What does the Temu case study reveal about the gap between claimed and actual data protection practices?
Temu claims to anonymize user data, but collects an extraordinary amount of device and behavioral information automatically, and true anonymization may be impossible given the data's richness.
Background: Temu, an online marketplace, became the most downloaded free app on both iOS and Google app stores. Its privacy policy reveals extensive automatic data collection.
What Temu collects without explicit consent:
- Operating system type and version.
- Device manufacturer and model.
- Browser type.
- Screen resolution.
- RAM and storage size.
- CPU usage.
- Device type.
- IP address.
- Unique identifiers, including advertising IDs.

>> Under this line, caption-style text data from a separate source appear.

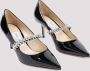 Jimmy Choo Pumps & high heels Black Bing 65 Pumps in zwart - Thumbnail 4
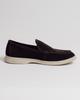 Men's Loafers Krula 8221 40 Dark Brown Suede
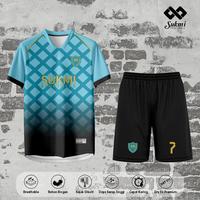 Gambar Setelan Jersey Futsal full printing / Desain Bebas / 012FS dari SUKMI SPORTWEAR undefined 3 Tokopedia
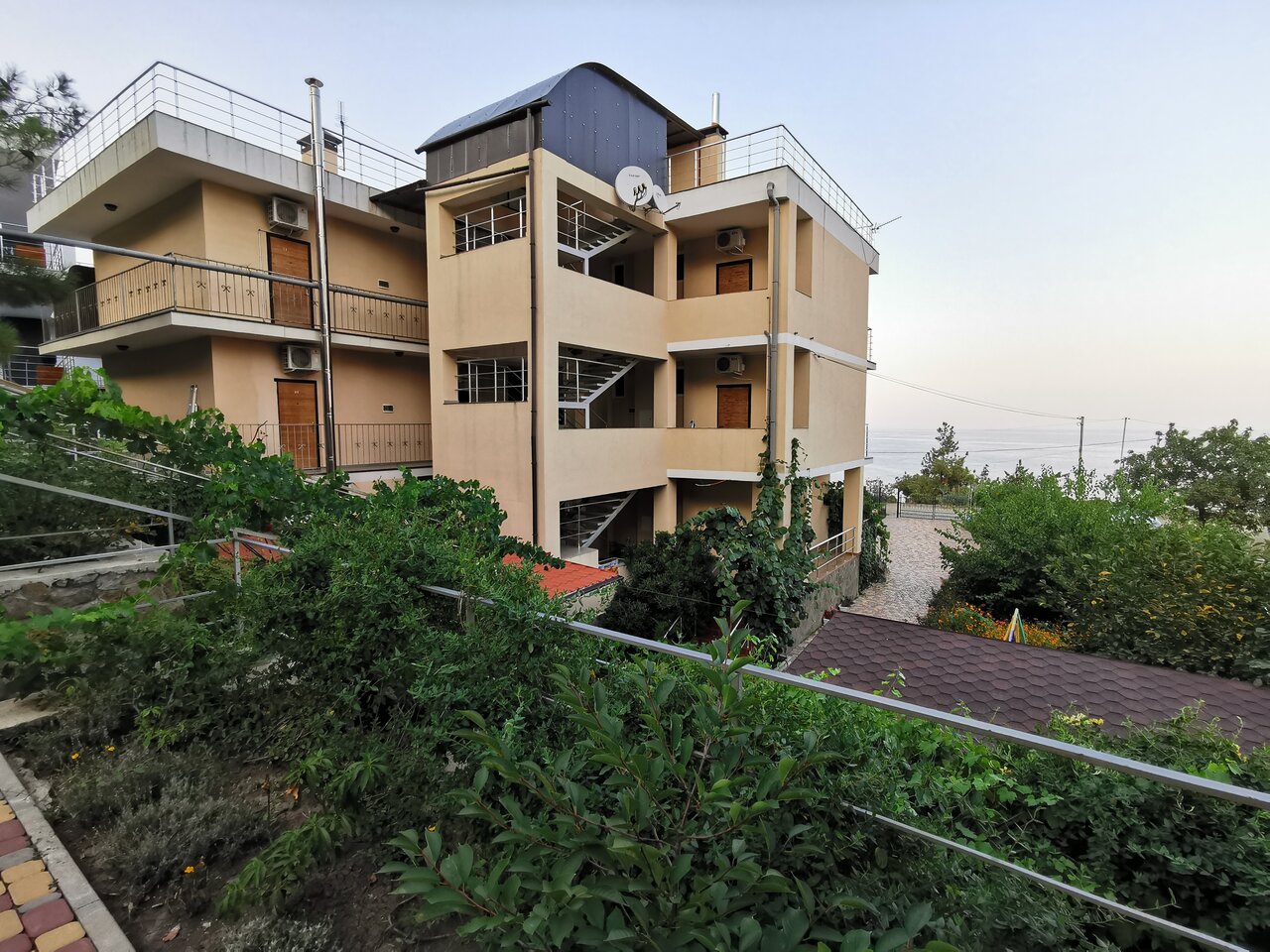 Гостиница Лукоморье Алушта-31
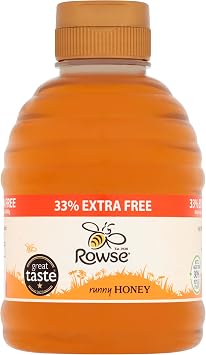 Rowse Blossom Pure & Natural Squeezable Honey 340g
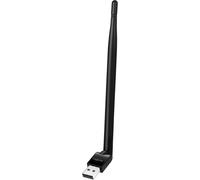 SUBZONAL-LogiLink BT0067 - Adaptateur Bluetooth 5.3 (USB 2.0) avec antenne Externe et portée jusqu'à 150 m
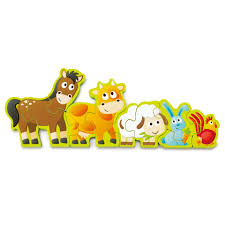 Hape Numbers & Farm Animals E1628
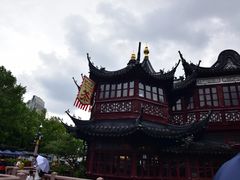 -豫园湖心亭茶楼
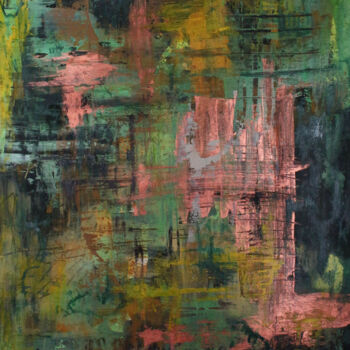 제목이 "Scratched copper"인 미술작품 Peter Kilb로, 원작, 아크릴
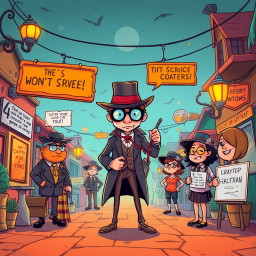 Whose Hellos Are These, Anyway? - Text-based game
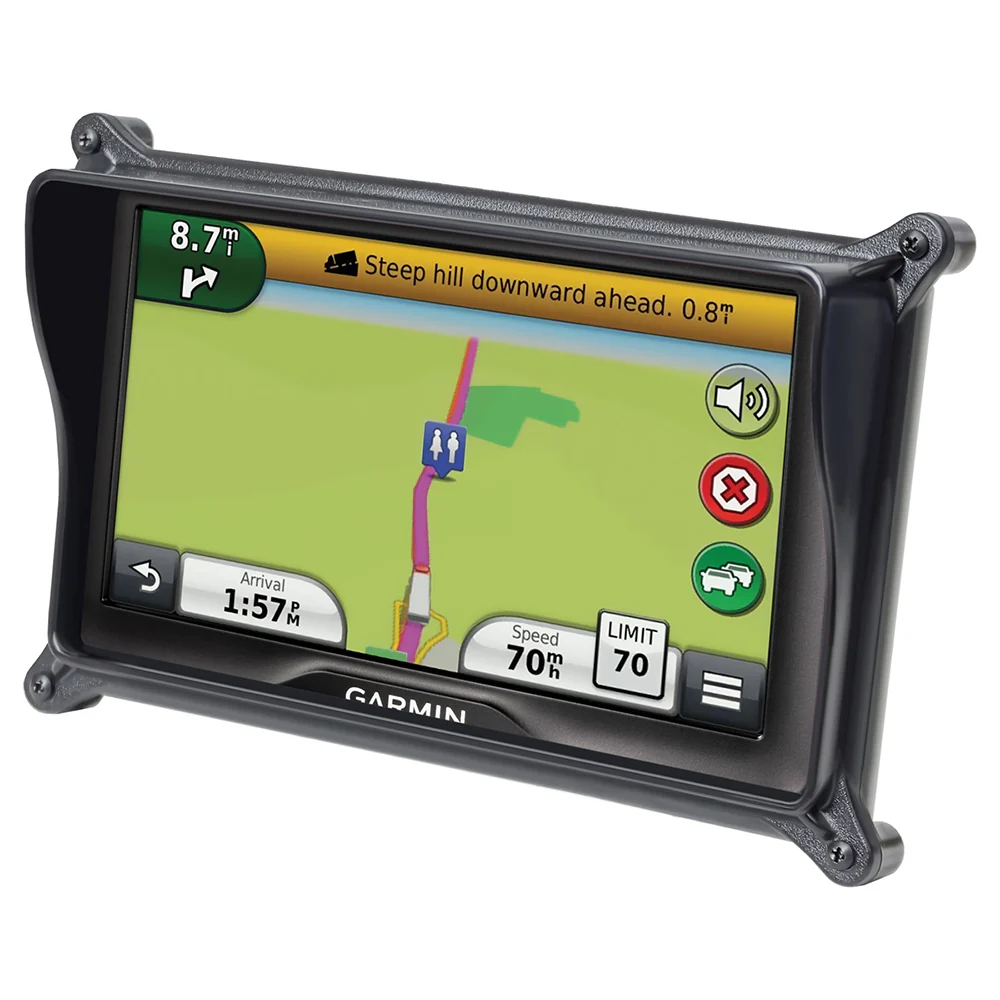 RAM Mount Locking Case f/Garmin dezl760LMT, nuvi 2797LMT  RV 760LMT [RAM-HOL-GA61LU] - Image 2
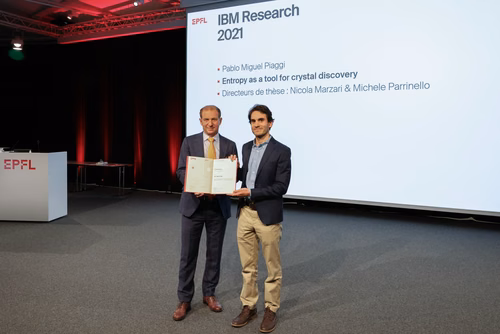 Cérémonie de remise des prix EPFL d'éducation et de recherche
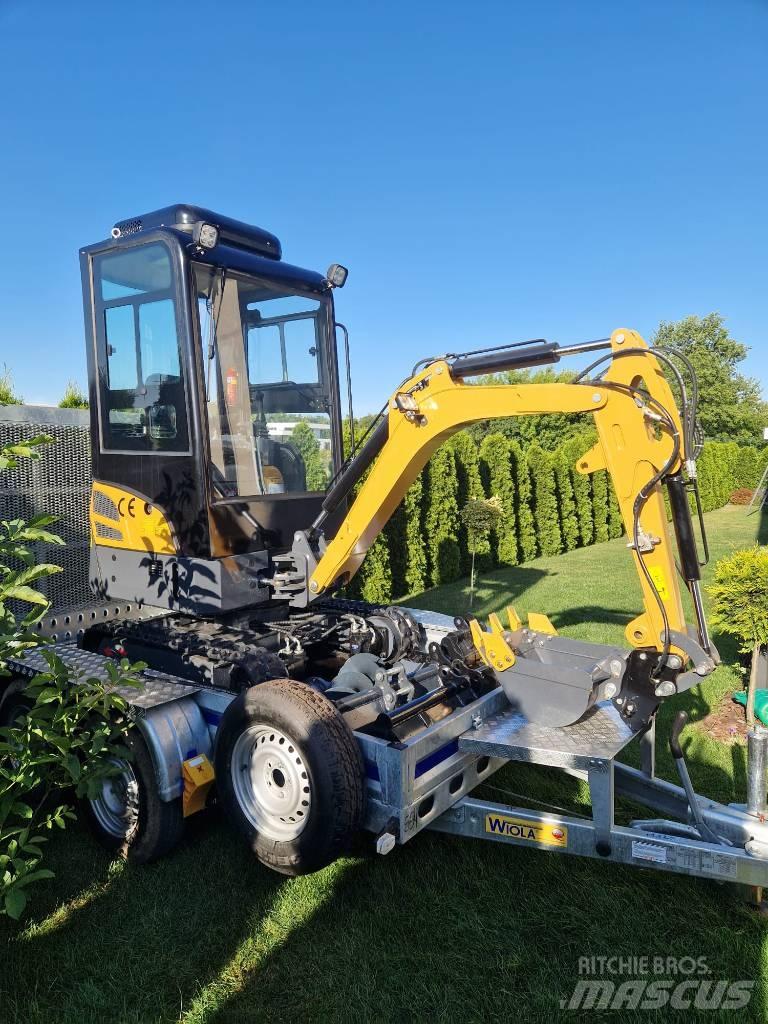  Jining Fulton FL-18T Mini excavators < 7t (Mini diggers)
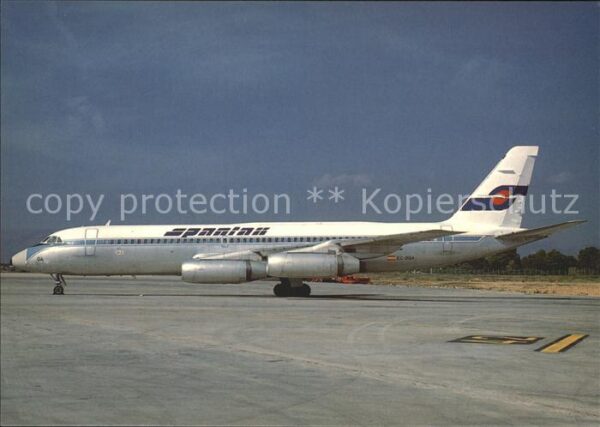 Flugzeuge Zivil Spantax Convair 990-30A Coronation EC-B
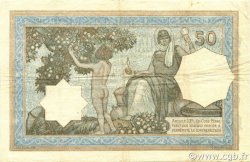 50 Francs ALGERIEN  1936 P.080a SS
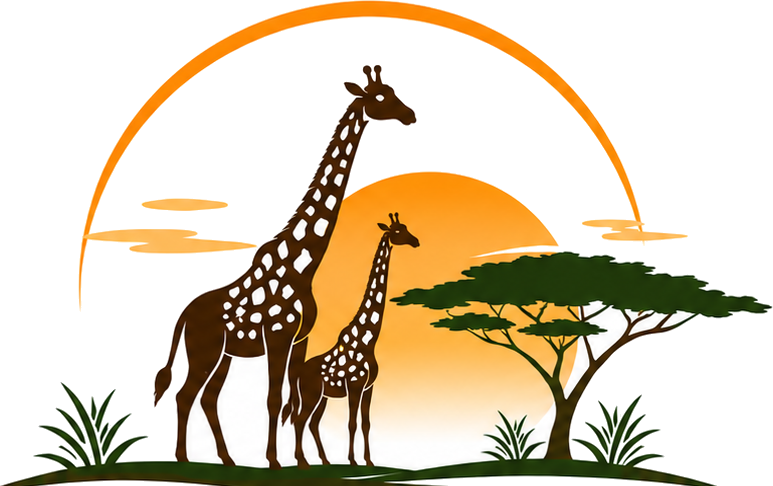 Wajir Wildlife Conservancies Landscape Association logo emblem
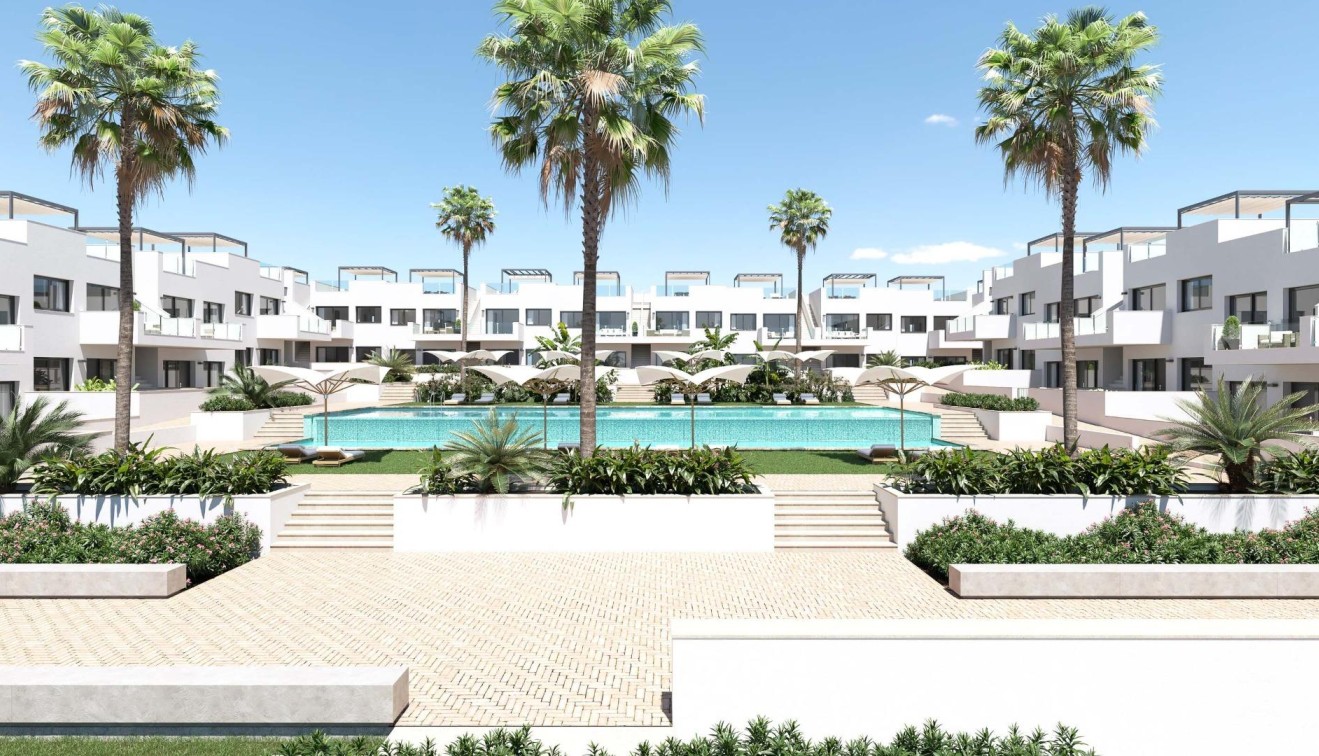 Nueva construcción  - Bungalow - Torrevieja - Los Balcones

- General location information.
The anonymization problem: Temu claims it can use personal data for research and development, "including analysis and improvement of services and business." It also claims to anonymize data. But studies have shown that location and purchase data alone are often enough to re-identify individuals.
Expert assessment: According to Calli Schroeder, a data protection attorney at EPIC (Electronic Privacy Information Center), de-identified data often still contains multiple personal data elements that can be linked to a person through a number instead of a name.
Key lesson: Claimed anonymization often provides insufficient protection against re-identification. When a company collects this many data points, true anonymization becomes nearly impossible. Always read privacy policies critically and understand what "anonymized" actually means in context.